A Raisin in the Sun
by Lorraine Hansberry
This ground-breaking play, set on Chicago's South Side in the 1950's, revolves around the divergent dreams and conflicts within three generations of an Afro-American working-class family. A Raisin in the Sun was the first play written by a black woman to be produced on Broadway. In this new production for radio, rarely produced scenes from the original play, which were cut from the original film and stage and subsequent contemporary stage productions, have been reinstated.
Walter Lee Younger....Danny Sapani
Lena Younger (Mama)....Dona Croll
Ruth Younger....Nadine Marshall
Beneatha Younger....Lenora Critchlow
Travis Younger....Segun Fawole
Asagai/Bobo - Jude Akwudike
Mrs. Johnson - Cecelia Noble
Karl Lindner....Sean Baker
George Murchinson....Richard Pepple
Produced and directed by Pauline Harris
A Raisin In The Sun has been hailed as a "pivotal play in the history of the American Black theatre". The Broadway production opened in 1959 and starred Sidney Poitier and was winner of the New York Drama Critics' Circle Award as Best Play of the Year. Hansberry was the first black playwright and the youngest ever American to win the award.

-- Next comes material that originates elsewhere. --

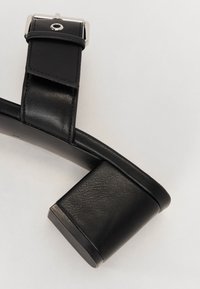 Svart läderklackad sandal med en kraftig klack, med en bred rem och en metallisk spänneaccent. Slät textur med matt yta.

The film version of A Raisin In The Sun was released in 1961, and honoured with a special award at the Cannes Film Festival.
All experiences in this play echo a lawsuit to which the playwright Lorraine Hansberry's family was a party when they fought to have their day in court because a previous class action about racially motivated restrictive covenants was similar to the case at hand.
By portraying a black family with a greater realism and complexity than ever before, the twenty-eight year old Lorraine Hansberry forced both blacks and whites to re-examine the deferred dreams of black America and forever changed the American theatre.
Lorraine Vivian Hansberry (May 19, 1930 - January 12, 1965) Hansberry inspired Nina Simone's song "To Be Young, Gifted and Black".